Would such cast fix alignment and/or endianess?

Such cast does not fix alignment nor endiannes.

The way to call that function without undefined behaviour is following:

uint16b u = some_value;
encode(dest, MyType_Uint, &u);

uint64b ul = some_other_value;
encode(dest, MyType_Ulint, &ul);

Does such cast actually do anything?

Such cast changes the type of the expression. In this case, the C style explicit conversion does reinterpret cast.

The converted pointer can be used only in limited ways. You can convert it back to the original type (uint8b* in your case). Indirection through the pointer is UB in most cases, with few exceptions, which include pointer-interconvertible objects, as well as using a pointer to a narrow character type as the result of the conversion. There is no exception that would apply to your example, so it would have UB.

Note that for some pointers, the C style explicit conversion does static cast, rather than reinterpret cast. For example, when the pointers are to classes in the same inheritance hierarchy. This is why C style casts are to be avoided: Use the cast that you intend to use.

Answer 2

This code is unlikely to work on platform that can't do unaligned memory access (like ARM9/ARM64 etc...). This is because when you do value64 = *(uint64b*)src you expect the CPU to access a 8 bytes word (and as such it must be aligned to 64bit address) and the signature of the function does not guaranty this.

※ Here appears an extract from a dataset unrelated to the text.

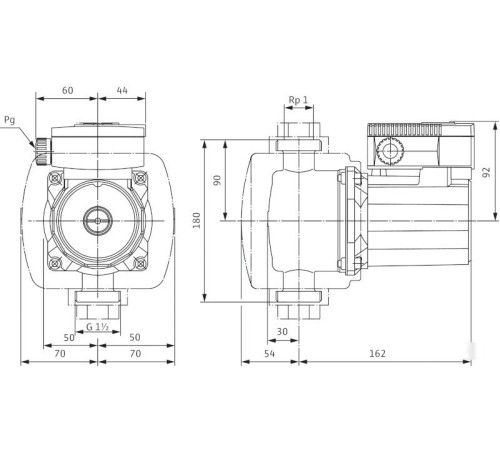 Насос Wilo TOP-Z 25/6 1~230 V, PN 10, Inox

Typically, on such platform, calling:

  char s;
  int a = encode(dest, MyType_Ulint, &s); 

will compile, and will crash at runtime (but will run ok on x86/amd64 system, yet with undefined behavior).

If you want something portable, you should do something like this:

enum MyType
{
   MyType_Usint,
   MyType_Uint,
   MyType_Udint,
   MyType_Ulint
};

int encode(uint8b *dest, MyType srcType, const void *src)
{
    uint32b value = 0;
    uint64b value64 = 0; // This is guaranted to be aligned for 64bit access
    size_t expected_operand_size[] = { 1, 2, 4, 8 };  
    memcpy(&value64, src, expected_operand_size[(int)srcType]); 

    switch (srcType)
    {
        case MyType_Usint:  value = *(uint8b*)&value64; break;
        case MyType_Uint:   value = *(uint16b*)&value64; break;
        case MyType_Udint:  value = *(uint32b*)&value64; break;
        case MyType_Ulint:  break;
    }
    // now encode value to dest
}

By the way, you should use template code here for convenience and to avoid the (useless) copy and be easier to understand (no need to have an type enum) :

template <typename T>
struct Encode
{
    static uint64b convert(const void * src) { T t; memcpy(&t, src, sizeof(t)); return t; }
    static uint64b convert(const T * src) { return *src; }
};

// Specialisation when we can avoid the copy
template <>
struct Encode<uint8b>
{
    static uint64b convert(const void * src) { return (uint8b)*src; }
    static uint64b convert(const uint8b * src) { return *src; }
};

template <typename T>
int encode(uint8b * dest, const void* src) 
{ 
   uint64b value64 = Encode<T>::convert(src);
   // your encoding code here
}
// Use like this:
void * s = ...;
uint16b * s2 = ...;
uint32b * s3 = ...;
encode<uint8b>(dest, s); // No copy, calls Encode<uint32b>::do(const void*)
encode<uint16b>(dest, s2); // No copy, calls Encode<uint16b>::do(const uint16b*)
encode<uint32b>(dest, s3); // No copy, calls Encode<uint32b>::do(const uint32b*)
// or this is also safe
encode<uint16b>(dest, s); // Copy here for fixing alignment

Answer 3

Casting a pointer never fix alignment nor endianness. It just re-interpret the address as pointing to a different type, and standard does not allow to de-reference it unless an object of the appropriate type lies at that address.

The conformant way to use a possibly misaligned representation is to use memcpy:

int encode(uint8b *dest, MyType srcType, const void *src)
{
    uint32b value = 0;
    uint64b value64 = 0;

    switch (srcType)
    {
        // any object can be accessed through a char pointer
        case MyType_Usint:  uint8b tmp8 = *(uint8b*)src; value = tmp8; break;
        // use a temporary for 16 bits type (endianness question)
        case MyType_Uint:   uint16b tmp16; memcpy(&tmp16, src, sizeof(tmp16));
                            value = tmp16; break;
        // directly memcpy into the value when size is the same
        case MyType_Udint:  memcpy(&value, src, sizeof(value)); break;
        case MyType_Ulint:  memcpy(&value64, src, sizeof(value64)); break;
    }
    // now encode value to dest
}

Intel type (80x86 to core) are known to be tolerant to misalignment, but other processors are not and raise an error if you attempt a misaligned access.